A gorgeous auditorium, proscenium arch stage, quaint little theatre. For my first time at the Playhouse, my expectations were high.
I didn’t get the feeling I usually get when I watch a show, I wasn’t whisked back in time into their world. I didn’t want to chat to the protagonist or shout at the villain. I remained sat in my seat, pen in hand, zoning out, staring at the back of someone’s head. I was underwhelmed and frankly, bored. Normally, I am easily sucked into a story, but this time I was detached and I watched instead of felt, observed instead of experienced.
Almost all of the cast were not believable in their roles. The actors recited their lines and robotically moved about the stage purely because it was in the script.

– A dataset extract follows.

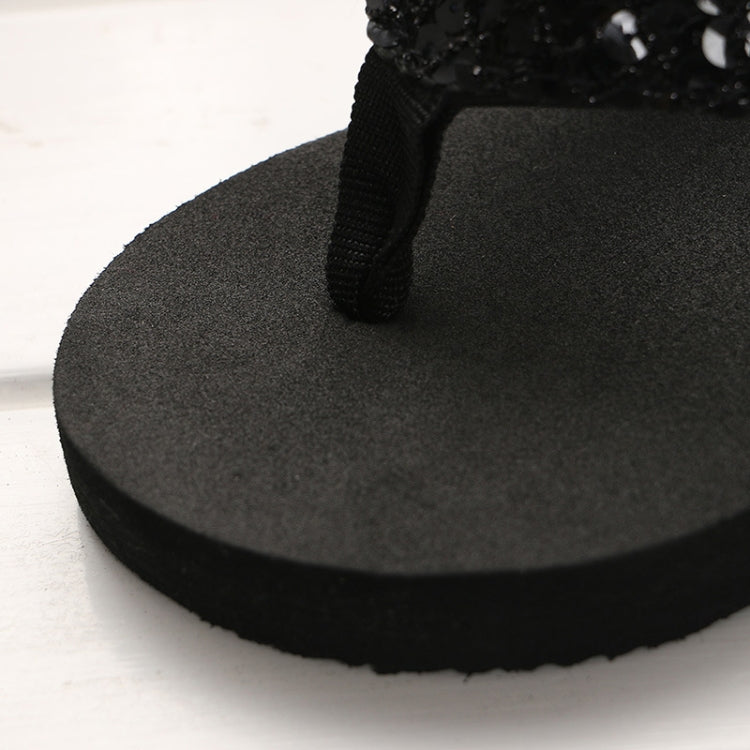 Black wedge flip-flop with fabric toe strap and cushioned platform sole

The lack of creative interpretation was exposed from start to finish as words replaced acting, for example when Torvald receives an important letter. “I must read it” followed by “I must read more” I wanted him to show he was desperate to read the letter rather than explicitly telling the audience. Torvald Helmer lacked in physicality and facial expressions. When I closed my eyes I enjoyed his performance but his visual portrayal of the character was awkward and clunky.
For me, Dr. Rank stood out as the strongest character within the play, his final scene was by far my favourite and I hung on each word he said. Other than this there was no connection between the actors and characters and therefore there was no connection between the audience and the play. The characters were underdeveloped and somewhat 2D cutting off the chance for you to relate, sympathise and engage with what was going on before you.

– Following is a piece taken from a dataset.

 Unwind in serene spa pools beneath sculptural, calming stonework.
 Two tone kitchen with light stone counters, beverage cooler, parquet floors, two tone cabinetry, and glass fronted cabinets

There was hardly any scene or lighting changes, barely any sound and very few props, allowing for a flatter play to be even flatter. The window at the back of the stage allowed light to subtly portray the passing of time, this was needed due to a lack of costume and set changes.

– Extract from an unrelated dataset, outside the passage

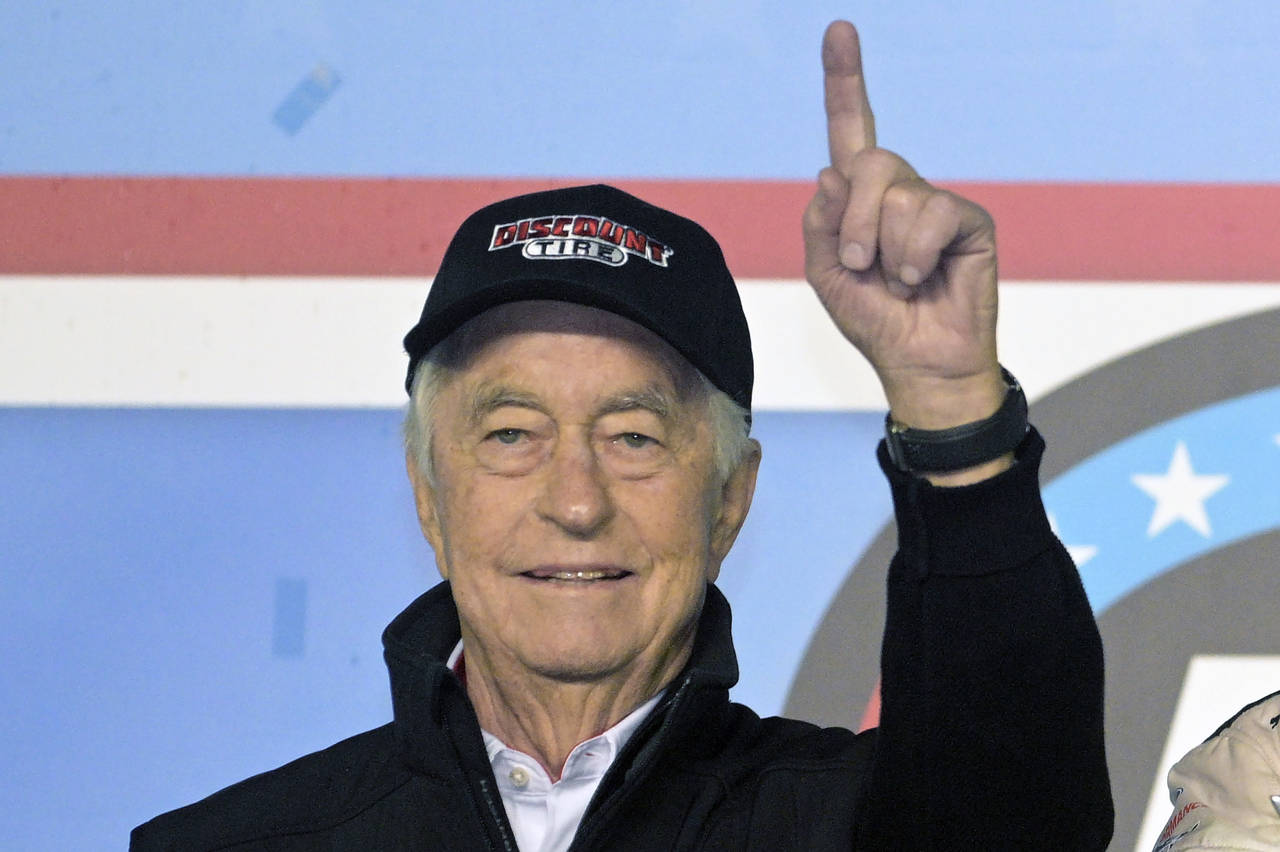FILE - Car owner Roger Penske gestures in Victory Lane after Austin Cindric won the NASCAR Daytona ...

People actually got up and left the performance after experiencing just 20 minutes, they abandoned their £7.50 seats and made a swift exit. Understandable having paid for a semi professional performance and receiving a frustratingly low standard.
There were occasional humorous moments which made me politely titter, but sadly some of these were due to fumbles and mistakes which added to the slightly unpolished production.
The story in itself is a fantastic play, originally performed in 1879, and still loved to this day. There is real potential to have complex relationships and captivating characters, but in this particular production by the Playhouse company I felt like the story was the main thing that kept the show afloat. As a man from the row behind me said “There is nothing worse that a bad production of a good play.”